L’uomo che avrebbe scritto La buona novella (1970), dice Cristiano, “per fare un dispetto a me e a mia sorella Luvi”. L’uomo che “nelle canzoni ci mandava delle frecciate”. Esempio? La Teresa di Rimini (Rimini, 1978), che abortisce il figlio del bagnino, per poi guardarlo con dolcezza. O in Oceano (Volume 8, 1974), in cui “l’unico verso che ha scritto è ‘ti offenderesti se qualcuno ti chiamasse un tentativo’. Era un messaggio per me e per Luvi: voleva che ci trasformassimo in fuoco”, perché non sopportava l’idea che rimanessero scintille. O fiammelle. L’uomo che lo piantava in Sardegna mentre se ne andava in giro per l’Italia a suonare. Lasciandolo, appunto, da solo.

DeAndré#DeAndré. Storia di un impiegato, regia di Roberta Lena, è più un film che un documentario. Da una parte c’è l’album omonimo, del ’73, che Cristiano ha portato nei teatri nel 2019, con la sua straordinaria attualità e che in una sorta di viaggio nel tempo si sovrappone alle immagini delle rivolte degli anni Settanta, a quelle del G8 di Genova, alle proteste per il clima dei giorni nostri, ai faccioni di Vladimir Putin e Recep Tayyip Erdoğan che mangiano il gelato insieme, alla danza delle combattenti Ypg, al movimento Black Lives Matter; dall’altra c’è il Cristiano che dice e che non dice. Che rivela e che sprofonda nel sottosuolo.

Memorabile, allora, il racconto della casa di Portobello di Gallura, con Paolo Villaggio, Ugo Tognazzi, Walter Chiari e Fabrizio che si alternano su un palchetto, 15 minuti a testa, e improvvisano il loro personale, casalingo spettacolo. O il pomeriggio alla Shining in cui Cristiano si nasconde in bagno, perché non vuole andare a Tempio Pausania, col padre, e il padre prende un’accetta e inizia a buttare giù la porta. O quando irrompe Verranno a chiederti del nostro amore, cantata da Fabrizio alla prima moglie, madre di Cristiano, Enrica “Puny” Rignon, nella notte, appena ha finito di scriverla. E lei scoppia a piangere, perché si stavano lasciando. E giù lacrime, quando sullo schermo, 46 anni dopo, compare il figlio, dietro il pianoforte, e attacca: “Quando in anticipo sul tuo stupore….”.

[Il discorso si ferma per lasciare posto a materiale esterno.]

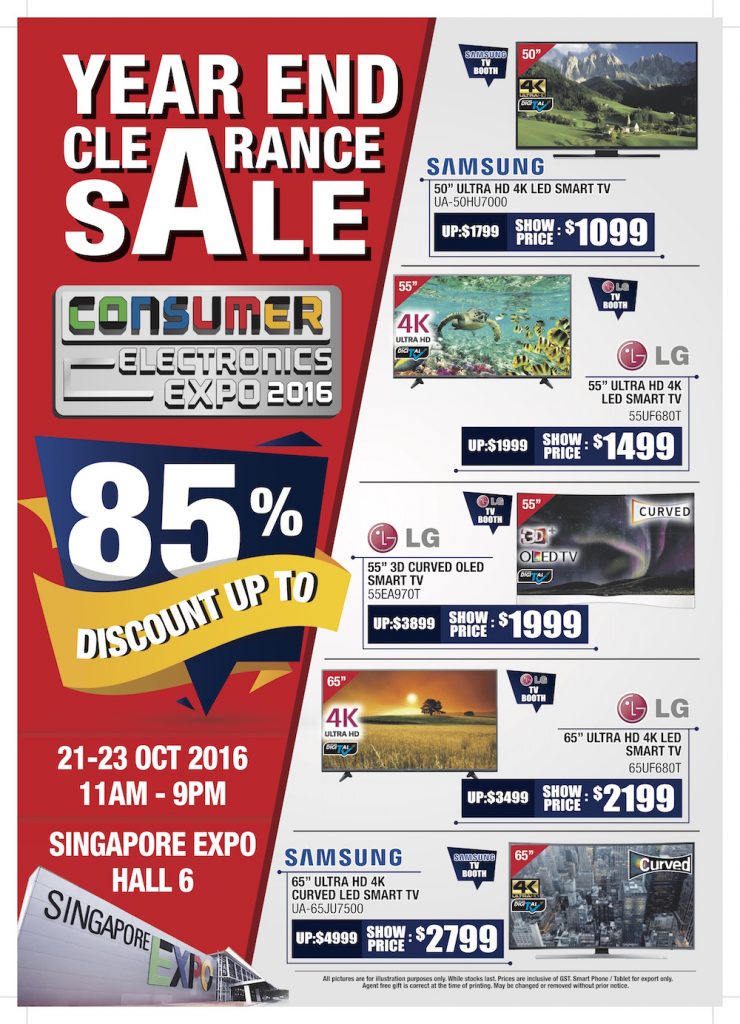 Consumer Electronics Expo Singapore Year End Clearance Sale Up to 85% Off Promotion 21-23 Oct 2016 | Why Not Deals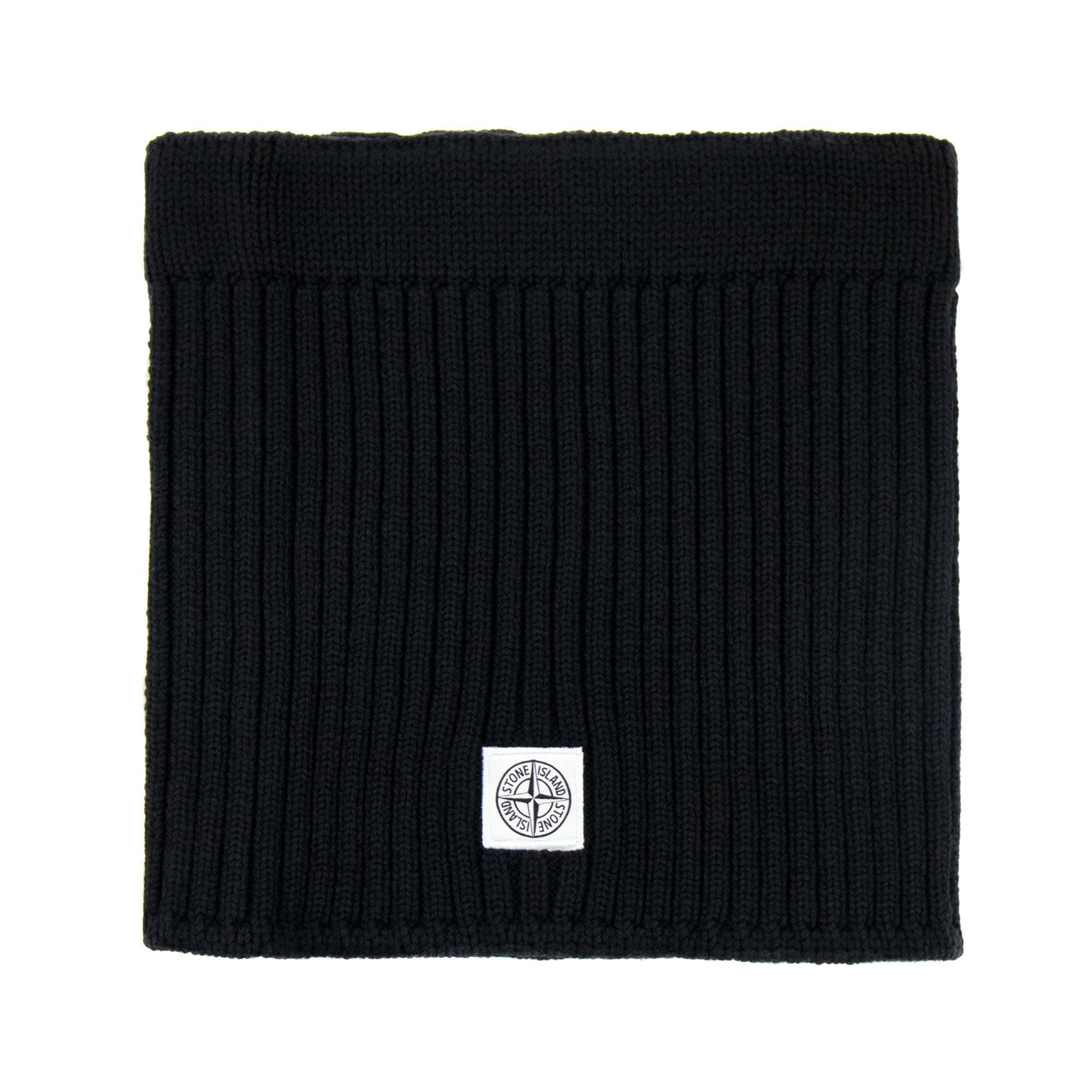 Stone Island Junior N15a9 Logo Patch Ribbed Snood Black V0029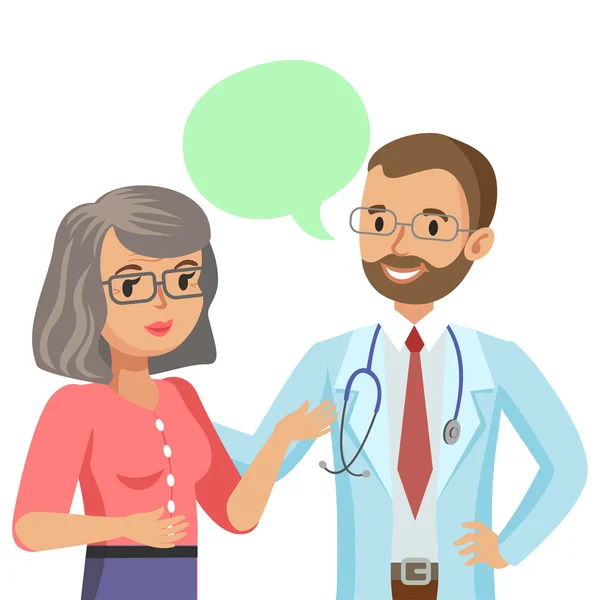 Doctor and senior patient. Woman talking to physician. Vector — Stock Vector
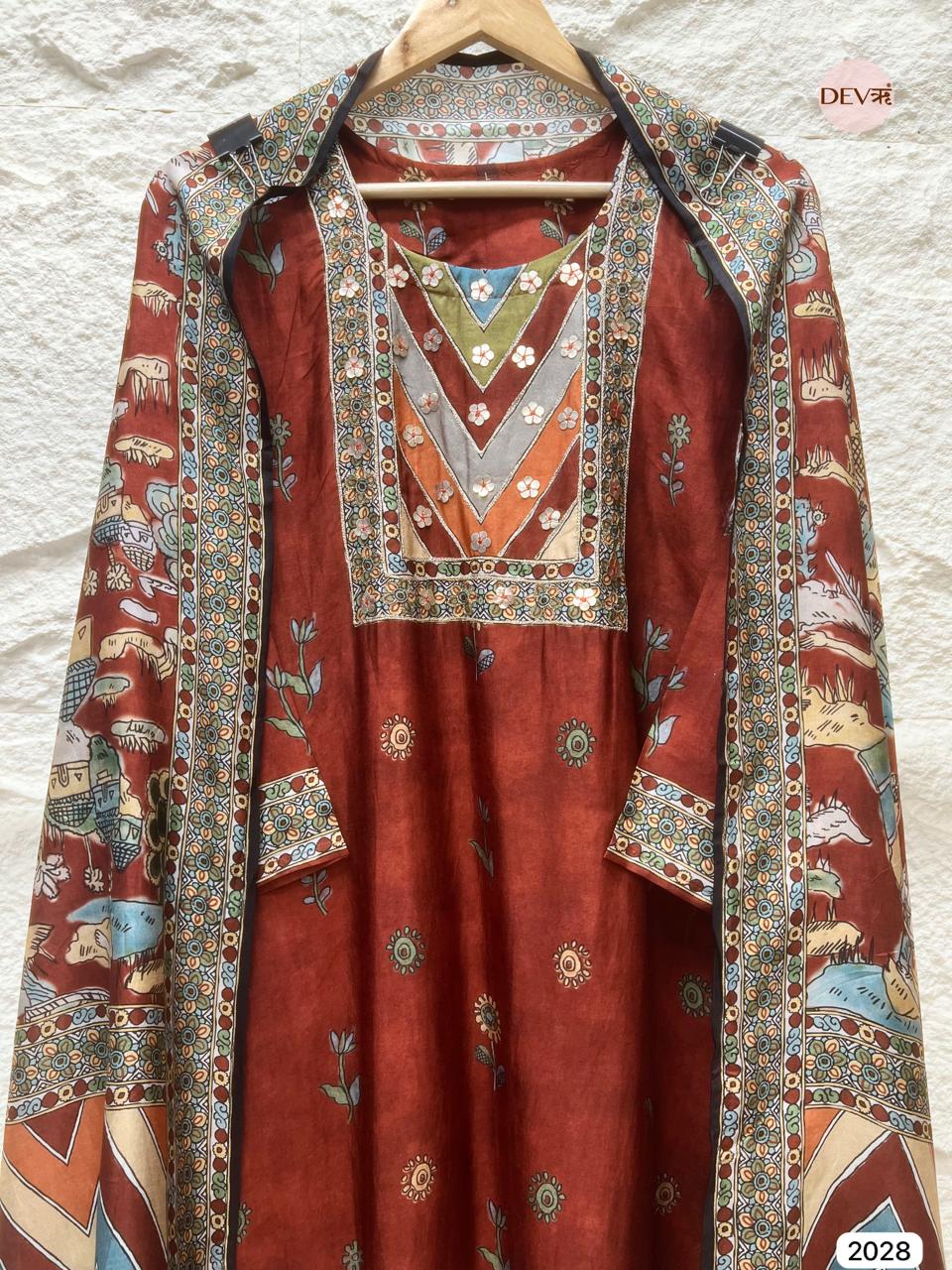 Gulnaar Russian Silk Printed Rust 3-Piece Set (Devri – D.No 2028)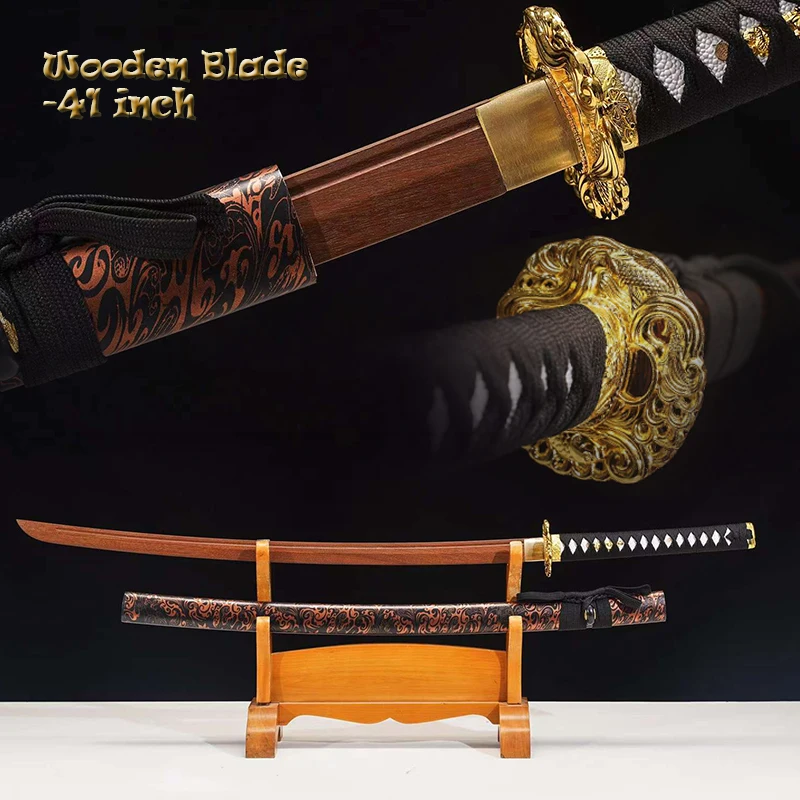 Espadas de entrenamiento Iaito personalizadas, espadas japonesas Katana de tamaño completo con hoja de madera, Saya con líneas negras impresas, decoración para el hogar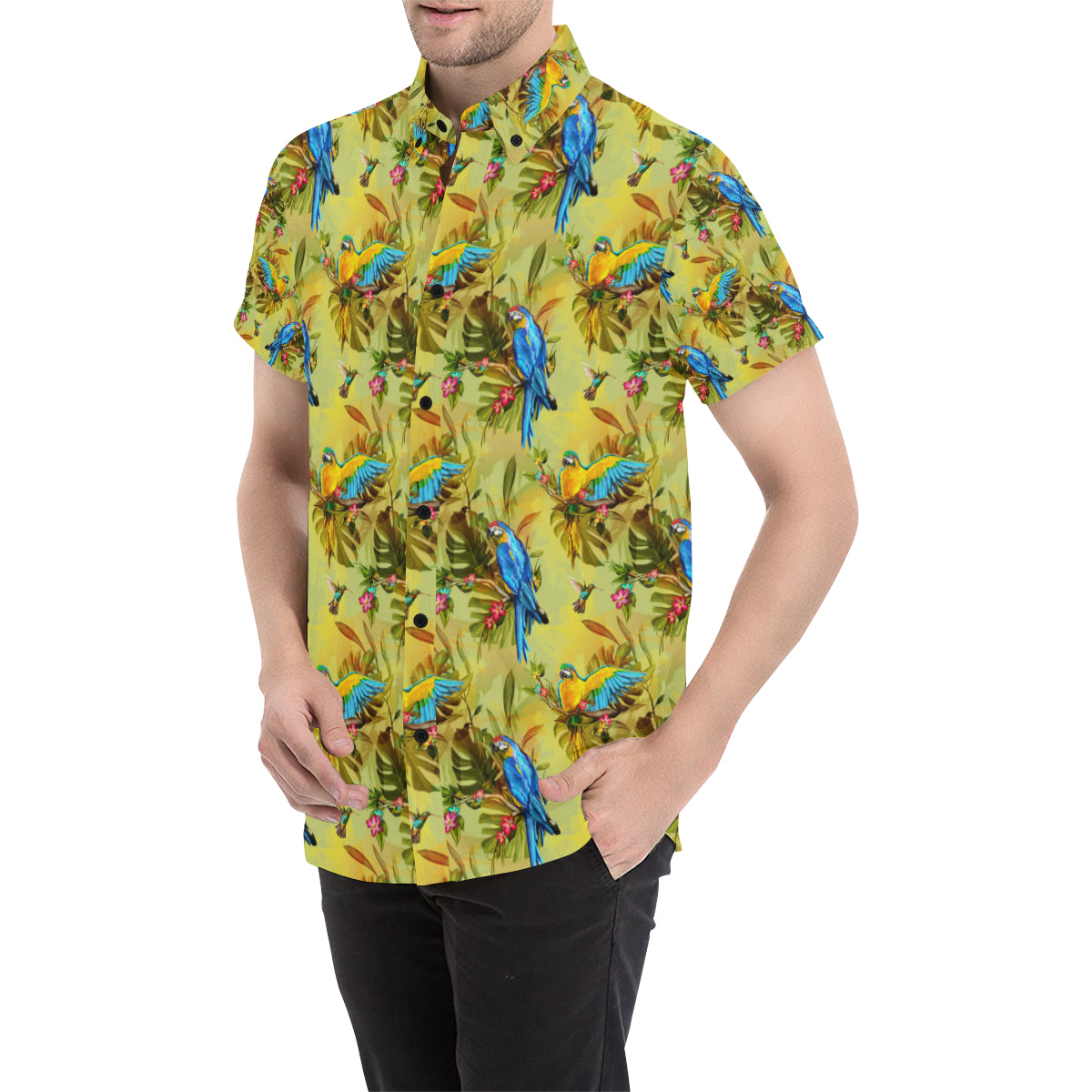 Parrot Pattern Print Design A02 Men's Short Sleeve Button Up Shirt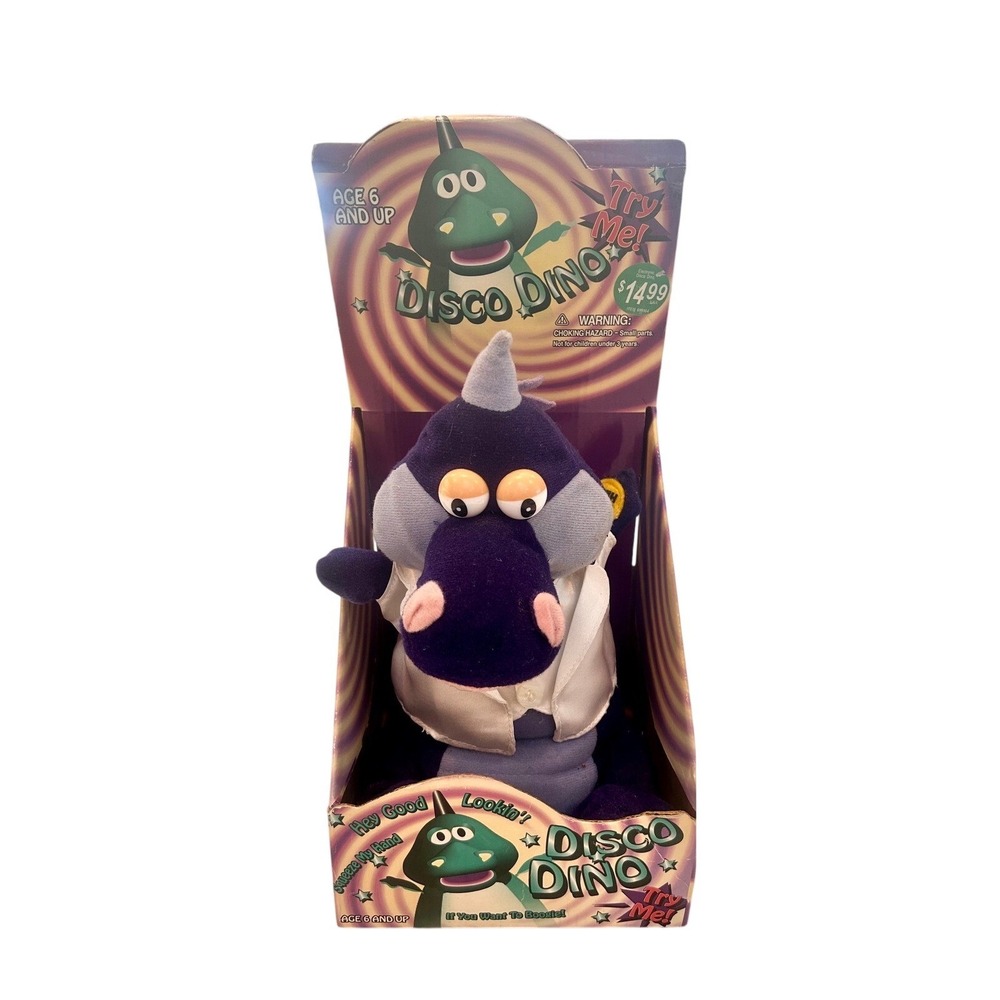 Gemmy Industries Disco Dino Plush Toy Musical Animated Lights Boxed Vintage 1996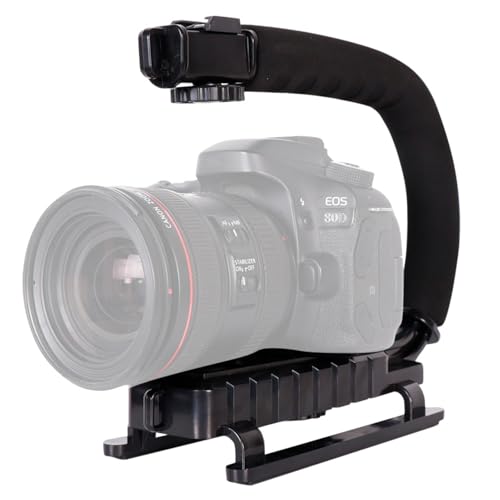 Image of Video Action Stabilizing Handle Grip, Professional C Shape Video Stabilizers with 3cold Shoe, 1 /4in Slidable Screw Handheld Camera Stabilizer, for SLR Cameras, Family DV Cameras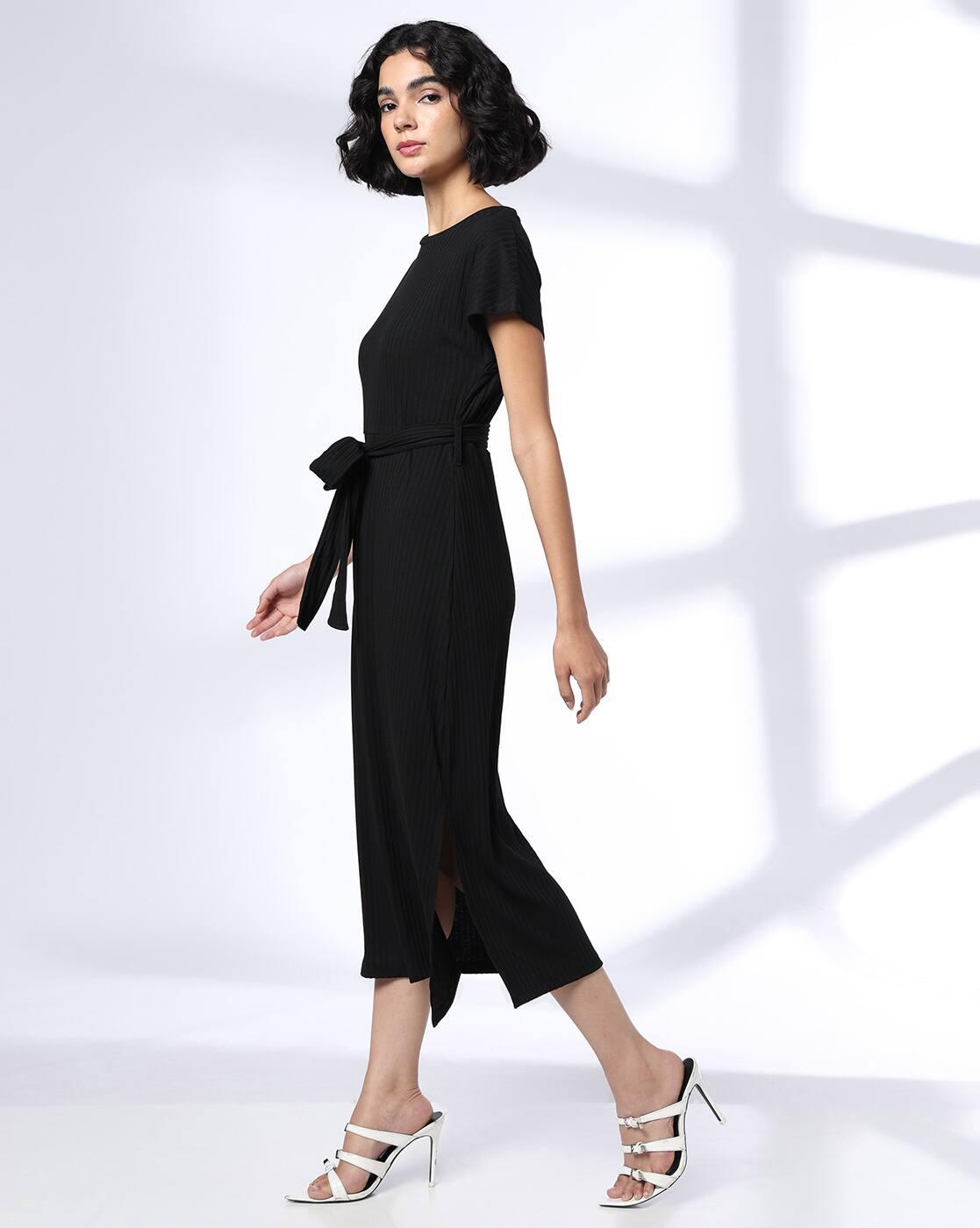 Women Ribbed A-Line Dress with Waist Tie-Up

Cristiano tira fuori Edipo, quando parla del padre “con quel cognome così importante”, e dice che l’unica cosa possibile da fare “è sopravvivere”. Più avanti confesserà: “Ho l’età di mio padre quando mi ha lasciato. Attraverso la musica porto in giro le sue parole. È un atto salvifico. Facciamo così, no? Ci aggrappiamo a chi è riuscito a guardare il mondo da un po’ più in alto”. E tra un Jacques Lacan che ha fallito e un Bernardo di Chartres che ha retto al giudizio della storia (“siamo come nani sulle spalle dei giganti”), per concludere il ragionamento su DeAndré#DeAndré. Storia di un impiegato, si torna al principio, a Dostoevskij e a Memorie dal sottosuolo: “Nei ricordi di ogni uomo ci sono certe cose che egli non svela a tutti, ma forse soltanto agli amici. Ce ne sono altre che non svelerà neppure agli amici, ma forse solo a se stesso, e comunque in gran segreto. Ma ve ne sono infine, di quelle che l’uomo ha paura di svelare perfino a se stesso, e ogni uomo perbene accumula parecchie cose del genere”.